Taxation, healthcare cost-sharing, benefit floors, and all income-based federal programs under this plan

 

Why this matters: The federal poverty line was designed in 1963 by a Social Security Administration economist named Mollie Orshansky. She multiplied the cost of a minimum food budget by three, on the assumption that families spent a third of their income on food. That was approximately true in 1963. It has not been true for decades. Housing now consumes 30 to 50 percent of a low-income household’s budget in most of the country. The formula has never been fundamentally revised. The DPL replaces it with what the question actually asks: what does it cost to live, here, now?

 

How It Is Calculated

 

The DPL is calculated each year by the Office of Management and Budget (OMB), working with data from the Census Bureau and the Bureau of Labor Statistics. The methodology, the data sources, and every assumption behind the number are published publicly at the same time the number is released. If you disagree with the methodology, the record is there to challenge.

The data sources:

•     Housing: U.S. Department of Housing and Urban Development Fair Market Rents, published annually by county and metro area.

•     Food: USDA Thrifty Food Plan, adjusted for regional price variation using BLS Consumer Expenditure Survey data.

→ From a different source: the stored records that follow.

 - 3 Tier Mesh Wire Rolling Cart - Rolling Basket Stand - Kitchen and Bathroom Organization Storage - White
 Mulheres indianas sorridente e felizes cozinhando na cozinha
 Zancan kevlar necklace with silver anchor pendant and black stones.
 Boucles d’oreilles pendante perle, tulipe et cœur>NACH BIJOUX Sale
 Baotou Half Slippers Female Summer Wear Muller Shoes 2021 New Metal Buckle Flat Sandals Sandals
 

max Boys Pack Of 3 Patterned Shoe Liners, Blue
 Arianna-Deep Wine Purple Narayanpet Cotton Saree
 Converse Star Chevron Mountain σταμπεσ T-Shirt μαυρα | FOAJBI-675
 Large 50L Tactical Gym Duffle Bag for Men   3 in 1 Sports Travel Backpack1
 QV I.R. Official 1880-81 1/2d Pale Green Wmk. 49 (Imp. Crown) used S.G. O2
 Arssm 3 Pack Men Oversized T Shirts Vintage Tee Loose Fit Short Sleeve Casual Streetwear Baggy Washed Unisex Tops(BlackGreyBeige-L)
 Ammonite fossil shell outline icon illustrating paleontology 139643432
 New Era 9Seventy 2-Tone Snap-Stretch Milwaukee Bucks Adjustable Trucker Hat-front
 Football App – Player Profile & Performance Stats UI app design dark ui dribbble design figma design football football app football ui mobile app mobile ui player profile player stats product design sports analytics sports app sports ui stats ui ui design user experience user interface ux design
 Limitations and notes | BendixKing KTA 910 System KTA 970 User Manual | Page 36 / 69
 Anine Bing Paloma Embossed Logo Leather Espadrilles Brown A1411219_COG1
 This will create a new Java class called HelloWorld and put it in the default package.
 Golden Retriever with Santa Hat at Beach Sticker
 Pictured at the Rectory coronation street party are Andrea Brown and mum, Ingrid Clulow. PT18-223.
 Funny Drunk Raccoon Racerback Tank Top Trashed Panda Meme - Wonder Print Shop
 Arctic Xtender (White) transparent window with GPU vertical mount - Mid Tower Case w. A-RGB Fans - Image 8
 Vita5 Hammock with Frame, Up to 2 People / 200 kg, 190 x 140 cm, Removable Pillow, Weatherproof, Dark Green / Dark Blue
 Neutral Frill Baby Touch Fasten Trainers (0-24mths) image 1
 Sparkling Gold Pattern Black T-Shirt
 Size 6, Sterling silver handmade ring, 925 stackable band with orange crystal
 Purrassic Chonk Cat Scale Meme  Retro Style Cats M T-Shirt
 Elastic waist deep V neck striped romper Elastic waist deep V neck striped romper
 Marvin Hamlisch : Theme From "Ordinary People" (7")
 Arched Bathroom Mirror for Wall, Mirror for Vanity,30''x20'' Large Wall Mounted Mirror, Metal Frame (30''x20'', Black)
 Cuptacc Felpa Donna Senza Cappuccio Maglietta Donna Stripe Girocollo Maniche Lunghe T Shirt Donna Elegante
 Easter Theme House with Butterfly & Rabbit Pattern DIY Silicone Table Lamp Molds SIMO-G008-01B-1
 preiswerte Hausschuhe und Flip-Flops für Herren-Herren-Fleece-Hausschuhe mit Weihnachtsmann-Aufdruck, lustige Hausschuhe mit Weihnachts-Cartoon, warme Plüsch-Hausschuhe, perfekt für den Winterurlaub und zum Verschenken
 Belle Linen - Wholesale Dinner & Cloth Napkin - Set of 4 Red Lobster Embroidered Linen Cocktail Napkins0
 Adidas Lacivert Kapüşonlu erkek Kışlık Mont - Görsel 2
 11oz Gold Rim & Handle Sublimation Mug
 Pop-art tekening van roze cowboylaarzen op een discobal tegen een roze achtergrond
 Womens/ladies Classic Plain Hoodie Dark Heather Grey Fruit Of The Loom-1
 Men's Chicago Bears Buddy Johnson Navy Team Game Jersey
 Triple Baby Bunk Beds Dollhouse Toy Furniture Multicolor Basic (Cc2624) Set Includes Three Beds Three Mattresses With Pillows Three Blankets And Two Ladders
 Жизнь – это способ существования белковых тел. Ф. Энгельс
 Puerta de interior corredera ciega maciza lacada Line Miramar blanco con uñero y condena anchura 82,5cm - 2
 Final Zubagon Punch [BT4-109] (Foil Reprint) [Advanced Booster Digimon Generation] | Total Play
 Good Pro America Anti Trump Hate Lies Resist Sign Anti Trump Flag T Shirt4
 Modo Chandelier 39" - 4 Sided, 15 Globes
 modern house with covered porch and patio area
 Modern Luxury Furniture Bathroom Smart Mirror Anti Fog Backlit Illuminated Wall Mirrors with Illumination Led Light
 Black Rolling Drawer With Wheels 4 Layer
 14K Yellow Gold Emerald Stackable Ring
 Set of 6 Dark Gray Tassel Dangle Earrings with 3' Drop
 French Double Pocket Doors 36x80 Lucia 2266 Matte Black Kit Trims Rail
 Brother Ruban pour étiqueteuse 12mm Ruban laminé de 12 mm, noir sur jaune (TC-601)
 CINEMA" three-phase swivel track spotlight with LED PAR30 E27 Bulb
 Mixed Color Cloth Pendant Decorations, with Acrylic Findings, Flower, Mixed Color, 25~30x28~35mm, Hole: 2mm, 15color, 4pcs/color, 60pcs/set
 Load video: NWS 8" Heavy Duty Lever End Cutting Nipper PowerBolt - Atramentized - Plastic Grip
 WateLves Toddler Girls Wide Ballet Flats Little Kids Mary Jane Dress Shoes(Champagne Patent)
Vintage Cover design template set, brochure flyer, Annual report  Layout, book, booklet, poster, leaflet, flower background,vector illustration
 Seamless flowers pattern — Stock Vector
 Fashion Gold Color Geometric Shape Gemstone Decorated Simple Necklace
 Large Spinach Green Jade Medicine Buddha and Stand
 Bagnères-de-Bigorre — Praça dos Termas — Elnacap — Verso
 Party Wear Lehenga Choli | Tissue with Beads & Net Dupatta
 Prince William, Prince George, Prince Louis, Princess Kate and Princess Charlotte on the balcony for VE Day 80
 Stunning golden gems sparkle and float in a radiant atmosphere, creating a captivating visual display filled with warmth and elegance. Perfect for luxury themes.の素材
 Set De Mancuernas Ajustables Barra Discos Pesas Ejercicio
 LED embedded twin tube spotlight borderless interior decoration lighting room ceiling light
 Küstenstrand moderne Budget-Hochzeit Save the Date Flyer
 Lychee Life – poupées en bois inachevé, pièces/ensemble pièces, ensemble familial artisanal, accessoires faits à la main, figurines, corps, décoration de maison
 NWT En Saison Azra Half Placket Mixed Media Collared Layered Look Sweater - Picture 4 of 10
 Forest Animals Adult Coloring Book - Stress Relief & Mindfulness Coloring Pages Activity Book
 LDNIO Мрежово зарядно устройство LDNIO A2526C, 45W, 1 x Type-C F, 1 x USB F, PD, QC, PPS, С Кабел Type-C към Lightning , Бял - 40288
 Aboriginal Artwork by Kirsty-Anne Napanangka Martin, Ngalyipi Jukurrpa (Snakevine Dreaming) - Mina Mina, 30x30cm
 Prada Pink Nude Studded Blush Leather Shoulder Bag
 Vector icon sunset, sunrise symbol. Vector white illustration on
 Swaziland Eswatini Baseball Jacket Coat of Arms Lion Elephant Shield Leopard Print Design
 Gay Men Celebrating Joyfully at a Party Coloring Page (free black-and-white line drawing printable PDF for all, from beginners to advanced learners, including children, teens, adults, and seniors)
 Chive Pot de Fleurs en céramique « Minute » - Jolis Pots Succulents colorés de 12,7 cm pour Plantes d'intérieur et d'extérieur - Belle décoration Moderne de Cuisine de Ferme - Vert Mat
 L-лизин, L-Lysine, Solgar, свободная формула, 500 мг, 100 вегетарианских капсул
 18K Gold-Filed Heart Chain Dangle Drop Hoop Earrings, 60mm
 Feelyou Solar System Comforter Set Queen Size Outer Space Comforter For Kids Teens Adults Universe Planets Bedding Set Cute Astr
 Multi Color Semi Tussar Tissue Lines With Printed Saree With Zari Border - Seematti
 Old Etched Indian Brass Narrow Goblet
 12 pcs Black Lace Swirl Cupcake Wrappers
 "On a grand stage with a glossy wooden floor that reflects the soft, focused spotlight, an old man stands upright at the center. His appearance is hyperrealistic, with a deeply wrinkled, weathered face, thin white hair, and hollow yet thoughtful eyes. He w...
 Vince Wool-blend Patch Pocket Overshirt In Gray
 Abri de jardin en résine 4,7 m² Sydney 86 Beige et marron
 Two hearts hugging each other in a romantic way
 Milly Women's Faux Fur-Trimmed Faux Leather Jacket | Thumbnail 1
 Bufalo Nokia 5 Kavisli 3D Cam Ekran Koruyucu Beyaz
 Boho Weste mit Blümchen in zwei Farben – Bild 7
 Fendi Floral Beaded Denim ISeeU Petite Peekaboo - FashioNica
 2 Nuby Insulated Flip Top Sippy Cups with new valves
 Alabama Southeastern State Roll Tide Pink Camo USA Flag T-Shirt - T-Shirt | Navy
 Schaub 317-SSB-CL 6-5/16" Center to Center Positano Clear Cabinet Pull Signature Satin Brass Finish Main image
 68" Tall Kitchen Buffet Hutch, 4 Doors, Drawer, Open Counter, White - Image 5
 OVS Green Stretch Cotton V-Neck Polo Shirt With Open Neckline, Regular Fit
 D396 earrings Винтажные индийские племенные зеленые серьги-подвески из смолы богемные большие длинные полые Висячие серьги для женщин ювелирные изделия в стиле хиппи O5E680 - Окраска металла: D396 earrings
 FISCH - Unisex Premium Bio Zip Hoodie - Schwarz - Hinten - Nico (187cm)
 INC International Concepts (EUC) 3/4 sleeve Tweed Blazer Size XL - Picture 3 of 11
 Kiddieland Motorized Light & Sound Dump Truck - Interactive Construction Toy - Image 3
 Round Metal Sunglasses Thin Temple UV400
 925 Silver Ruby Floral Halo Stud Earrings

•     Transportation: Bureau of Transportation Statistics local transportation cost data, weighted by the actual modes of transportation used in each district.

•     Healthcare: HHS actuarial estimates of baseline out-of-pocket healthcare costs by region.

•     Utilities: Regional utility benchmark data from the Energy Information Administration and state utility commission filings.

•     Childcare: HHS Child Care and Development Fund market rate surveys, published by county.

 

Once calculated, the DPL for each district is published with a version stamp, a list of what changed from the prior year, and a 90-day public comment window on the methodology before the number takes legal effect. Prior years’ figures are permanently archived.

A special mid-year update is permitted only when a Congressional District has been designated a federal disaster area. In that case, OMB may issue an adjusted DPL reflecting the economic disruption.

 

How the DPL Is Used Across Federal Programs

 

The DPL is not just a number that sits in a report. It is the operating standard across every income-based federal program in this plan. One number. One standard. Applied consistently.

1. Taxation — the exemption floor

Under the Universal Income Tax proposed in Arc 001, no household pays federal income tax on earnings up to 1× their district’s DPL. This is not a deduction. It is a floor. Income below the DPL is not taxed at all. Income above it is taxed at the universal rate on the amount above the line only.

Example: If your district’s DPL for a two-person household is $38,000, and your household earns $52,000, you owe federal income tax only on $14,000 — the amount above the DPL. The first $38,000 is untaxed.

 

The exemption rises automatically as the national debt falls, following a published ladder. Each milestone is a permanent floor — once reached, it cannot be rolled back regardless of future economic conditions. The government’s fiscal backsliding does not cost your household.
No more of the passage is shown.